There are some images that just resonate so deeply, they never fade. This 3 and 1/2 minute video is one such image. Once the senses move past the the scantily clad woman, the stunning cityscape, and the soft sultry music, what is left is asana that is so captivating…it steals the breath.

On my mat, I want to move like this woman. Not (just) because she is sleek and strong, but because there is not a singular pose visible in any of this. Rather it is a river of transformations, inhales and exhales that do not just move the body from one position to the next, but rather–and more importantly–keep it present to the moment at hand. Present to the change. Present to the transition. Present to the subtle and magnitudinous shifts. As a yoga instructor once said:

The transitions between poses are poses themselves.

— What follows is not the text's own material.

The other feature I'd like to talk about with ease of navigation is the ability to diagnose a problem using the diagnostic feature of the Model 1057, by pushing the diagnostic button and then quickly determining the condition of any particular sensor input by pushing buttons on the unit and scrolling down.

Last week, I shared this concept with my seniors, who are in the midst of a large transition of their own. We just finished reading Ceremony by Leslie Marmon Silko, a novel which sanctifies the space of shifting. I related to them the story of the video and its beauty. I stressed that we’re so busy thinking about our next pose (graduation, college, job, marriage, parenting, etc.), that we miss the glory IN the change.

The transitions in between poses are poses themselves.

I would be a fool to admit my own transition doesn’t weigh heavily on me. Changing job titles. Changing curriculum. Changing schools. Leaving behind friends with whom I’ve learned and students in whom I’ve invested–that’s a lot of love to leave in a pose. And it’s easy to be bound in thought by the next pose. How will I stand? How will I look? How will I relax into it? How will I ground myself? But in doing this, I’m already forgetting the most important part: the here and now, the present, the transition.

The transitions in between poses are poses themselves.

It takes enormous strength to change with grace,

leaving behind something that glows.

It takes deep rooting to transform with ease,

leaning into something that grows.

It takes daring courage to transition with honor,

so that on my mat, and off, it shows.